* [EXERCISE DETAILS] For the word "Hair", return each line of the data in which it occurs.
┌──
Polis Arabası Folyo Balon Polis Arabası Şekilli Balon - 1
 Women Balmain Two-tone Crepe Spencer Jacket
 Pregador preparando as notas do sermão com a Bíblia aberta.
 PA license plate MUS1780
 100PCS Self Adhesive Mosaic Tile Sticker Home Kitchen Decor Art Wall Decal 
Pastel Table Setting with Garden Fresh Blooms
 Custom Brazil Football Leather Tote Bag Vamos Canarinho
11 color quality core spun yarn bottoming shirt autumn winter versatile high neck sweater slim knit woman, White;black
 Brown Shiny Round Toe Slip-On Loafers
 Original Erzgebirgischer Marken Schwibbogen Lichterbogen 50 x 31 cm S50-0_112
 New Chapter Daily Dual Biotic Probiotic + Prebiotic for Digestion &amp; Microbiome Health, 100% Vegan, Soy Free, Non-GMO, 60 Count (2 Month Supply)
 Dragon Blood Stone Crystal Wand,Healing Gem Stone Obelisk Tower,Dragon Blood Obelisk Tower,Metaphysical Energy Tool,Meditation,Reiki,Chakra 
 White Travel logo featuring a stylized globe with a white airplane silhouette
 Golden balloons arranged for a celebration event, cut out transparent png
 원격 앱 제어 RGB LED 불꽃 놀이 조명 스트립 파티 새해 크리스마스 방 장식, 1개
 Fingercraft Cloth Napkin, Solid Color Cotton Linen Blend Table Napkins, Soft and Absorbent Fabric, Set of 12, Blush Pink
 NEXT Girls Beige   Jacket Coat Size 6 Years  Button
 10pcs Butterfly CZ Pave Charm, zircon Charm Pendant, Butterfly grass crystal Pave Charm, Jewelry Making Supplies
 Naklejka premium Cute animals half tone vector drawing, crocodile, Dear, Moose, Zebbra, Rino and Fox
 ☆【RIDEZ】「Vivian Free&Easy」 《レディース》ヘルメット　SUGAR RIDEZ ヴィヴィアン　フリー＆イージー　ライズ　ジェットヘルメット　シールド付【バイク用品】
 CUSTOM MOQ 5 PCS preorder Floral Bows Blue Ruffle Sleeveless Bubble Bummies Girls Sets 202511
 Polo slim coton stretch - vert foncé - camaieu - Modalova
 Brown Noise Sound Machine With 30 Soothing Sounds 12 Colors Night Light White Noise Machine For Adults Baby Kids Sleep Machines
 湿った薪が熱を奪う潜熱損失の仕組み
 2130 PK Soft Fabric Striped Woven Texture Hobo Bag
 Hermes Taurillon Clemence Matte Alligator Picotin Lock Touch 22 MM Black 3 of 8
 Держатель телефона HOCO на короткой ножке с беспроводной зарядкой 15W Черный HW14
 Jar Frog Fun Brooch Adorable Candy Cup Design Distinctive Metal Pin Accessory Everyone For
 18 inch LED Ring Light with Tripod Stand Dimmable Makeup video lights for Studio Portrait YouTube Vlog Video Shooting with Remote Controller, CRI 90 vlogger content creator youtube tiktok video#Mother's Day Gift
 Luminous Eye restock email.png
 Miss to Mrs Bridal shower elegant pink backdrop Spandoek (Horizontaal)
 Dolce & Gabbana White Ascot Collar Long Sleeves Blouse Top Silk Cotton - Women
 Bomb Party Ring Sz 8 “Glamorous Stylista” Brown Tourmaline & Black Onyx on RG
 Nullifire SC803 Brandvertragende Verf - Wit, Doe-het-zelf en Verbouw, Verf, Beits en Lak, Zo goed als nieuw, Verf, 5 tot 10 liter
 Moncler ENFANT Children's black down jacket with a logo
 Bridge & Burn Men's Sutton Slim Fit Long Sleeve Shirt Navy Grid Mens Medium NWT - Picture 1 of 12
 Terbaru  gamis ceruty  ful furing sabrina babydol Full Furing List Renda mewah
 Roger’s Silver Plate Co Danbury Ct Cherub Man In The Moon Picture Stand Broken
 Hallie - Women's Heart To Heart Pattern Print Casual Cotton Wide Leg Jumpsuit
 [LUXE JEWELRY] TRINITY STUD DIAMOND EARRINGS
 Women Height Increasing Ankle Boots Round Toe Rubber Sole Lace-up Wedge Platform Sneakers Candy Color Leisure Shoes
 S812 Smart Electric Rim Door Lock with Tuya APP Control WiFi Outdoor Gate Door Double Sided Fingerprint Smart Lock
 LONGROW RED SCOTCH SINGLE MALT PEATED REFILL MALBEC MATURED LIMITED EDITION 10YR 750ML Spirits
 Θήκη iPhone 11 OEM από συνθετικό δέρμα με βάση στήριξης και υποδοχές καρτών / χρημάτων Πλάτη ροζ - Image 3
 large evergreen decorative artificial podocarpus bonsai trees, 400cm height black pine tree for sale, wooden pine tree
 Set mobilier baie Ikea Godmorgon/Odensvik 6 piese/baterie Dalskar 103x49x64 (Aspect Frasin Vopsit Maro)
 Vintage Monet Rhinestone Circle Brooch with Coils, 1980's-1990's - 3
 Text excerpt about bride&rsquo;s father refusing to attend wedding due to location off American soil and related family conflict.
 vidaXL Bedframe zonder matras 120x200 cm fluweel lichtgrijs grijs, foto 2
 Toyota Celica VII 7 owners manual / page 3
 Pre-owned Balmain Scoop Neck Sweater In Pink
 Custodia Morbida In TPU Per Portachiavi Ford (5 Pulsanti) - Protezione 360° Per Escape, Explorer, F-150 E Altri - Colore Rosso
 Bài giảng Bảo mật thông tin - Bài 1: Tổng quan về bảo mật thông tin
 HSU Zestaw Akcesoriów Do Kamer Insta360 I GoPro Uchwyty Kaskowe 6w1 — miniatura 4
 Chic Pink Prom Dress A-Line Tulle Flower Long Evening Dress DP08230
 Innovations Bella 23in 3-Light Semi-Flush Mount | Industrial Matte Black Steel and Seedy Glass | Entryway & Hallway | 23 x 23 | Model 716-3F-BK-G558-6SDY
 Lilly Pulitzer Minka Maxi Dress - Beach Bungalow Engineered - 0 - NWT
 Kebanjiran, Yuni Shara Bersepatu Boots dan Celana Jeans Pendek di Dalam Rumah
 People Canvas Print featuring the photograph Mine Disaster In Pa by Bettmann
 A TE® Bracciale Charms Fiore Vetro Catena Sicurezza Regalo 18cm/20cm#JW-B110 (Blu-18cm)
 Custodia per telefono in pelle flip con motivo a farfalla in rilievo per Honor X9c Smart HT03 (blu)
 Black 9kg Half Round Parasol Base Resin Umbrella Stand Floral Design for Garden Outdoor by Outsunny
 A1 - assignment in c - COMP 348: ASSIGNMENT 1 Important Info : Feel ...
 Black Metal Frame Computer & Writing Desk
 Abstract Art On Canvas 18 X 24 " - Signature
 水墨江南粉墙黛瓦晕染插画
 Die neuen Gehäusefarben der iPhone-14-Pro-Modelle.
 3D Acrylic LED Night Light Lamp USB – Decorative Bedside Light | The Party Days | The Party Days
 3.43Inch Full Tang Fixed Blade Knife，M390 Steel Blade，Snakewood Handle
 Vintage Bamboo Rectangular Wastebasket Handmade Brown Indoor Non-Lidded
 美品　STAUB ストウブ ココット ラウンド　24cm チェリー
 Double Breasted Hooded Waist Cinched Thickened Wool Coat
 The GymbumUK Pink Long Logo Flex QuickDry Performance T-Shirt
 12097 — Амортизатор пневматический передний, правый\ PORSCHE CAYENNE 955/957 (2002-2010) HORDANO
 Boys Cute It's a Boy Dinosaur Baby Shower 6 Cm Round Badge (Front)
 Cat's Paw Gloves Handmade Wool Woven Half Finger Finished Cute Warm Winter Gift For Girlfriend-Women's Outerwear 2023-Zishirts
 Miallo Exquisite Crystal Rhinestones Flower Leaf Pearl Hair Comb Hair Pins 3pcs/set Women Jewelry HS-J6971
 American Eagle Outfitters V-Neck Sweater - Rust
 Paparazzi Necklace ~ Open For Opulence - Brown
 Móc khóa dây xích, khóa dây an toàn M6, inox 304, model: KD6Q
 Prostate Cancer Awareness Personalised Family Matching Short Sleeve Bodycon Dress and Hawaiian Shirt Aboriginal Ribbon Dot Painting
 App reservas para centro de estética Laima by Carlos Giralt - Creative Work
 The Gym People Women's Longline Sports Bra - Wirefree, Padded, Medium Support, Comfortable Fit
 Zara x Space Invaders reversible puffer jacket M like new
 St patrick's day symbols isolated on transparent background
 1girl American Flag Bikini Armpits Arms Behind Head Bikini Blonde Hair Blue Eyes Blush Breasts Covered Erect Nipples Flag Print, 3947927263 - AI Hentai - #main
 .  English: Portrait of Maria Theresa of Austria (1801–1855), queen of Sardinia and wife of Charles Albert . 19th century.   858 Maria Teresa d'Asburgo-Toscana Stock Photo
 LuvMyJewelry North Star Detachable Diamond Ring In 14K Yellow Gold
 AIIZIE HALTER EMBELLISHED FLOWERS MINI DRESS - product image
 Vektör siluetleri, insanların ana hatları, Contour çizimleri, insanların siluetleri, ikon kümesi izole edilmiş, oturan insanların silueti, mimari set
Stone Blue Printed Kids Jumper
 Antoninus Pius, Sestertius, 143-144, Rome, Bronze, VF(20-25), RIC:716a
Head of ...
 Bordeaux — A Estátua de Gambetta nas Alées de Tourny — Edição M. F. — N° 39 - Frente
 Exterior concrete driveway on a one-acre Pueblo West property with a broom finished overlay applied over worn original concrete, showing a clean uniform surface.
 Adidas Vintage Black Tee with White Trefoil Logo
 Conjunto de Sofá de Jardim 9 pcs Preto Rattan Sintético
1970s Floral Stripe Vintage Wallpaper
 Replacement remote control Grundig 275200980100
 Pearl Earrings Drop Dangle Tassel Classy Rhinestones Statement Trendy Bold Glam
└──
* [FINISHED TASK]
 Miallo Exquisite Crystal Rhinestones Flower Leaf Pearl Hair Comb Hair Pins 3pcs/set Women Jewelry HS-J6971
 1girl American Flag Bikini Armpits Arms Behind Head Bikini Blonde Hair Blue Eyes Blush Breasts Covered Erect Nipples Flag Print, 3947927263 - AI Hentai - #main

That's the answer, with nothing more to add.